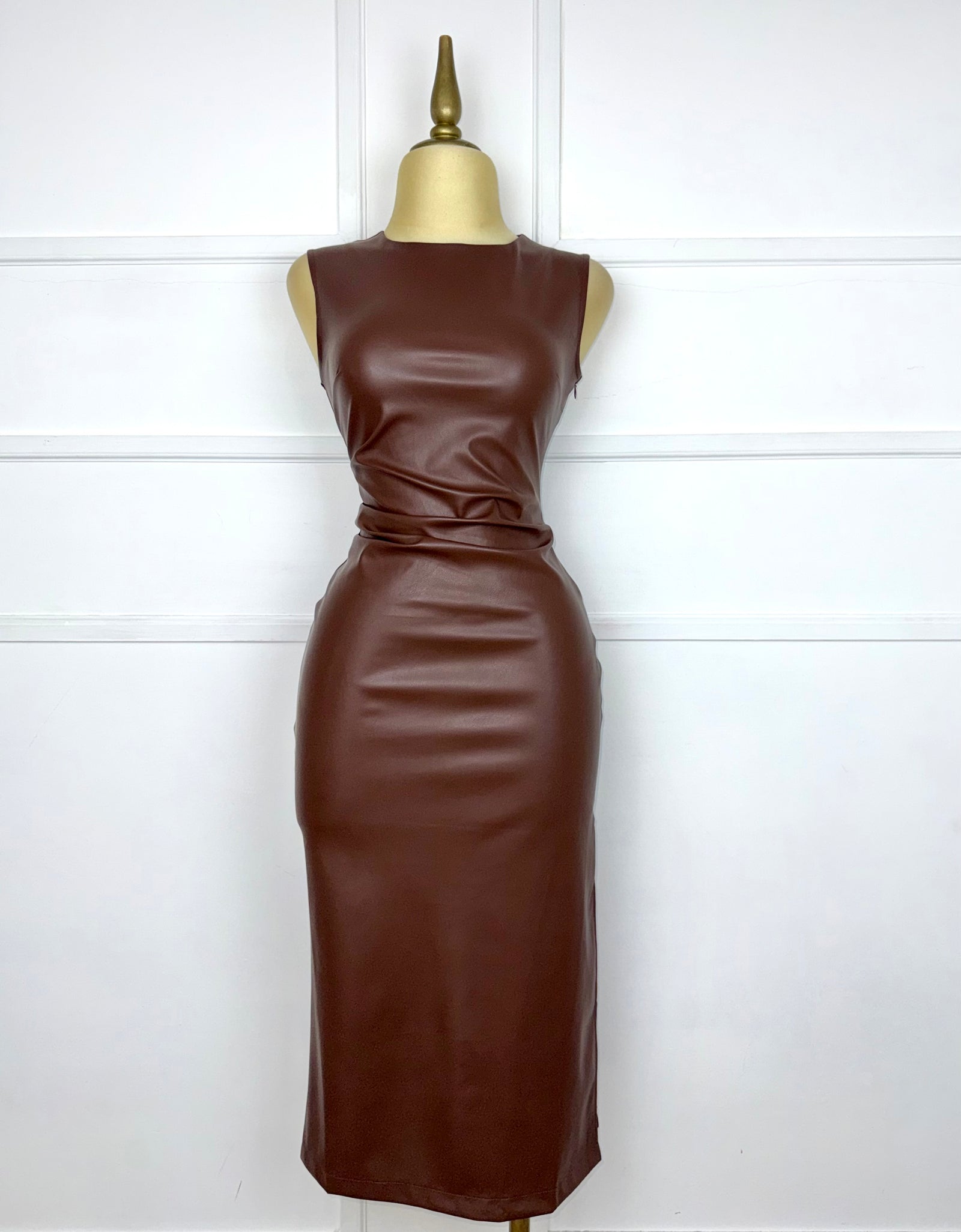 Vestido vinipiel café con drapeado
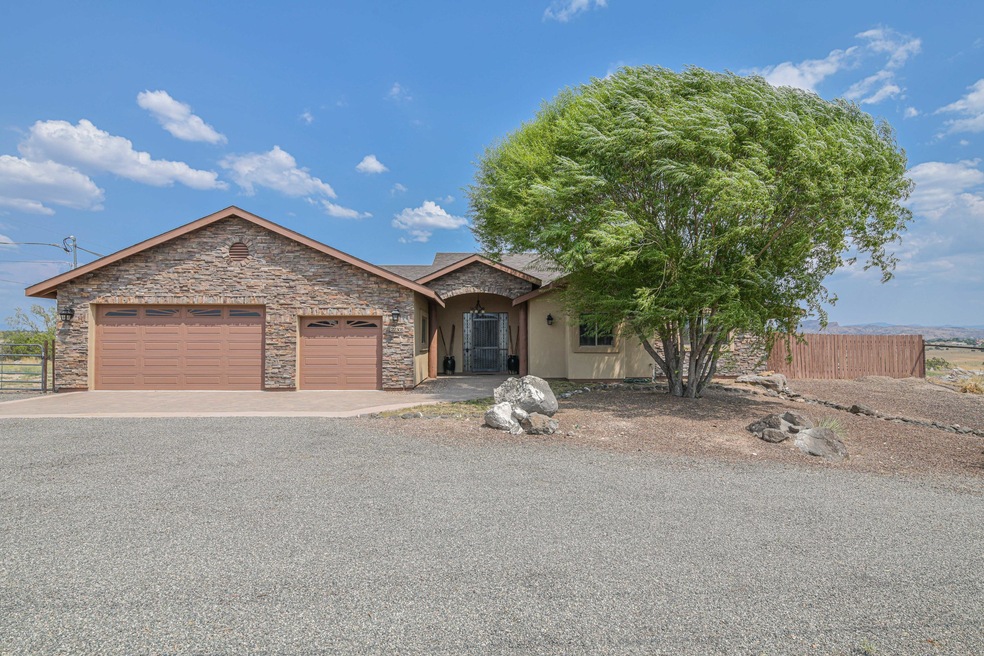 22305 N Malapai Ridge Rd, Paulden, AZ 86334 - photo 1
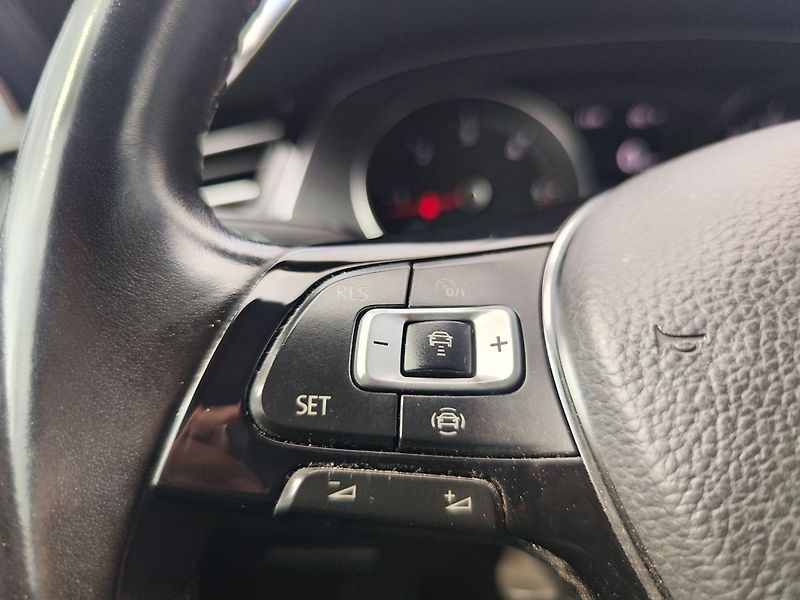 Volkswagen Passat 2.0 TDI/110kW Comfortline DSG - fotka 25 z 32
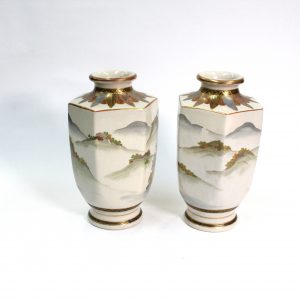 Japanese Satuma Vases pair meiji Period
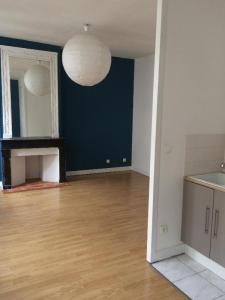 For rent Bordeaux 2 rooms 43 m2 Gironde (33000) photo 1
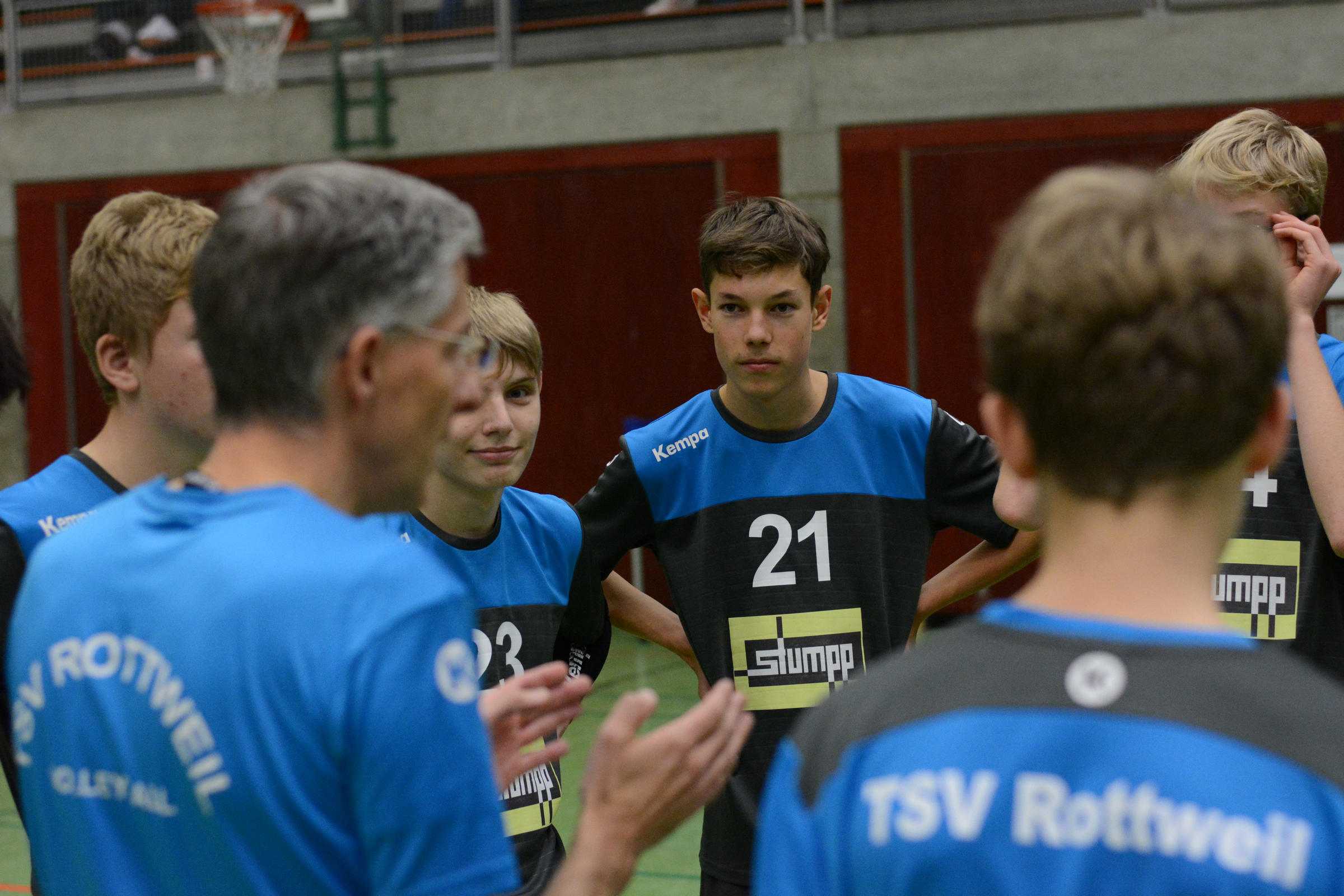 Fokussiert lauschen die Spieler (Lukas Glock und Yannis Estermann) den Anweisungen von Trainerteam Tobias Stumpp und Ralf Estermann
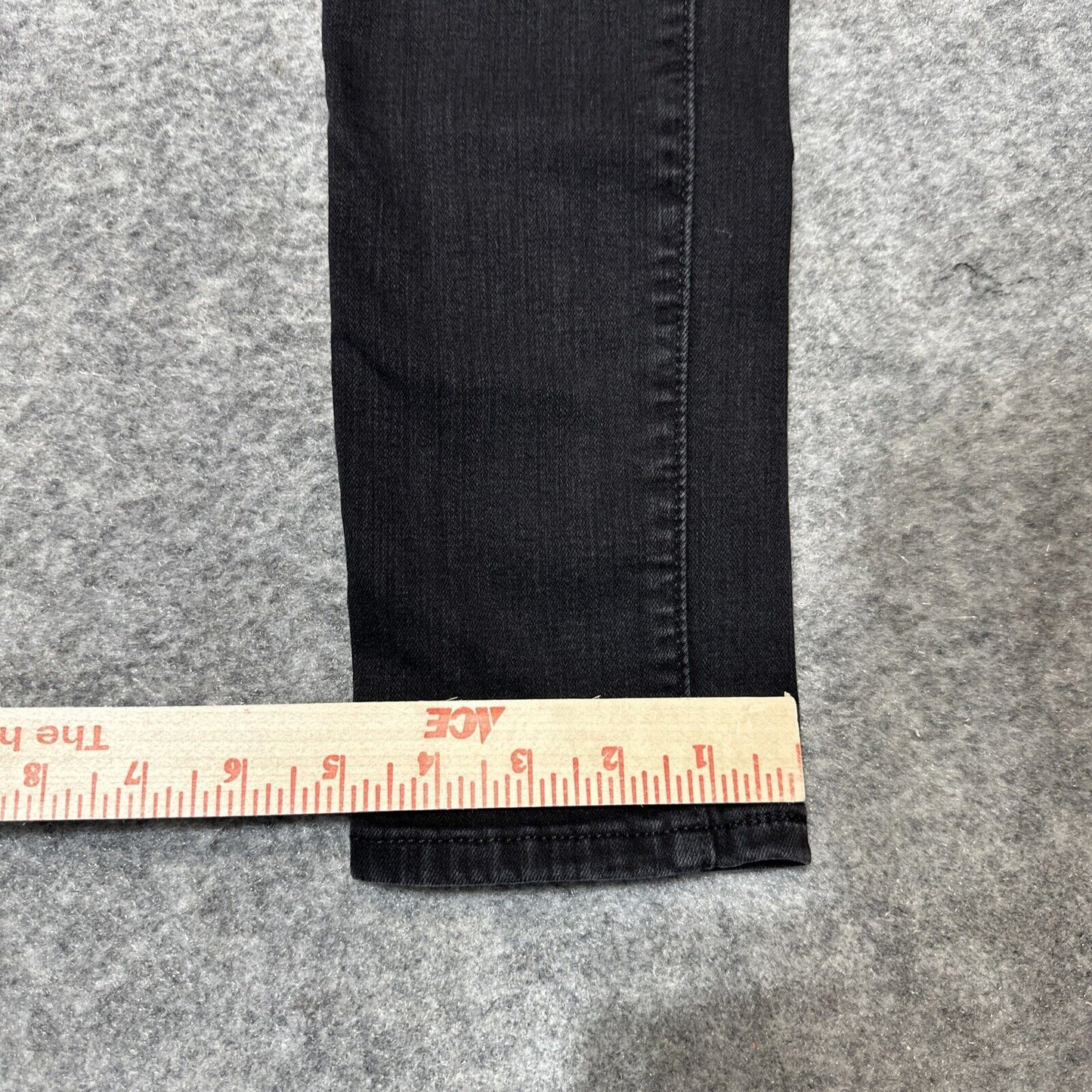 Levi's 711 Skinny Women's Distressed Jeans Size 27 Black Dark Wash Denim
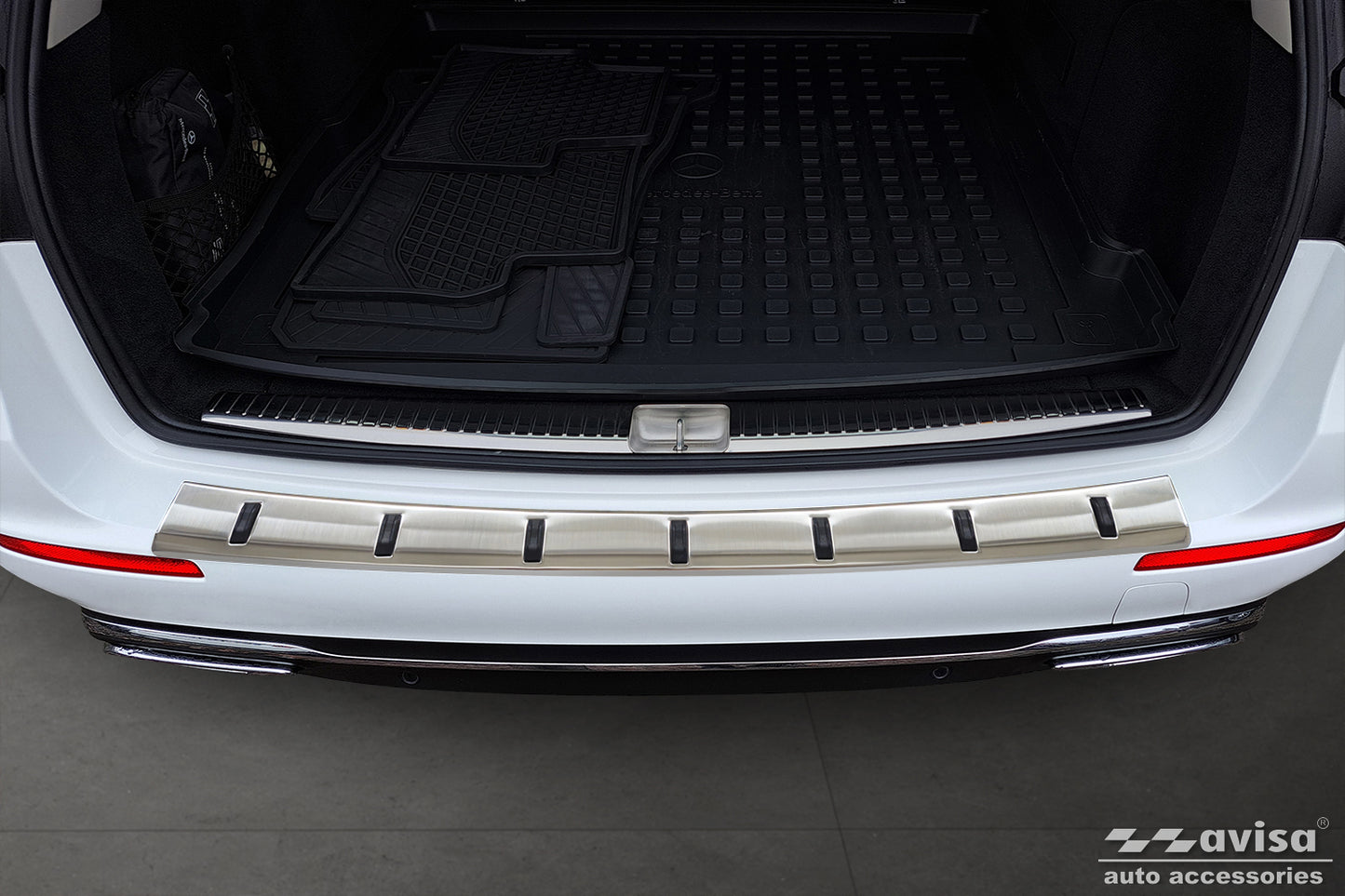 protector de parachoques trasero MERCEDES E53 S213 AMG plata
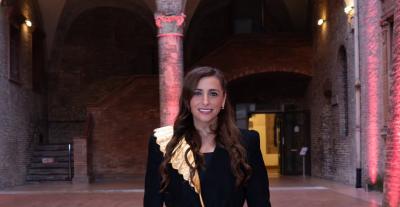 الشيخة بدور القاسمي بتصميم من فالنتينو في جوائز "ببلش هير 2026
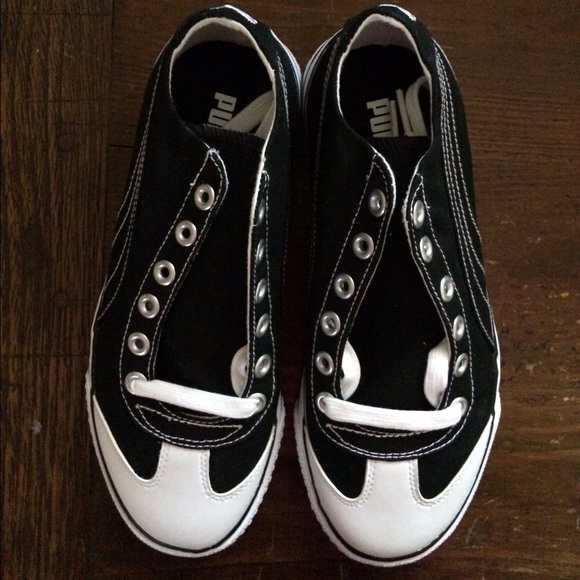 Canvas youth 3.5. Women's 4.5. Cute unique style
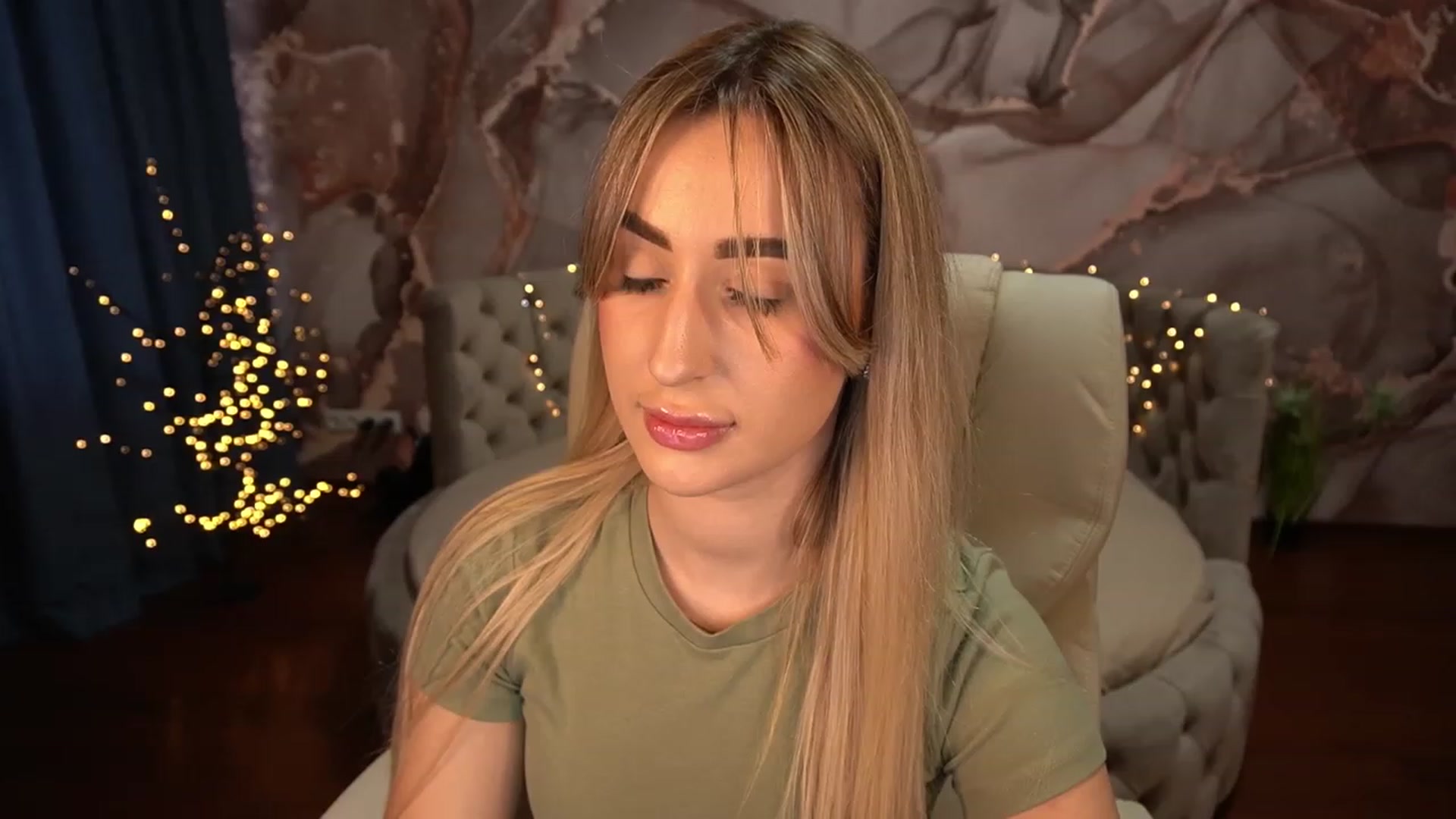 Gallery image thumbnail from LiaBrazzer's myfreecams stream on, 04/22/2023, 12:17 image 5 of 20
--------------------------------
* _Exercise goal_: No pictures belong in the output. It should reproduce exactly the lines from the one containing "Levi's 711 Skinny" through the end of the data, both ends included.

* _Response_:
 Levi's 711 Skinny Women's Distressed Jeans Size 27 Black Dark Wash Denim
 protector de parachoques trasero MERCEDES E53 S213 AMG plata
 الشيخة بدور القاسمي بتصميم من فالنتينو في جوائز "ببلش هير 2026
 Canvas youth 3.5. Women's 4.5. Cute unique style
 Gallery image thumbnail from LiaBrazzer's myfreecams stream on, 04/22/2023, 12:17 image 5 of 20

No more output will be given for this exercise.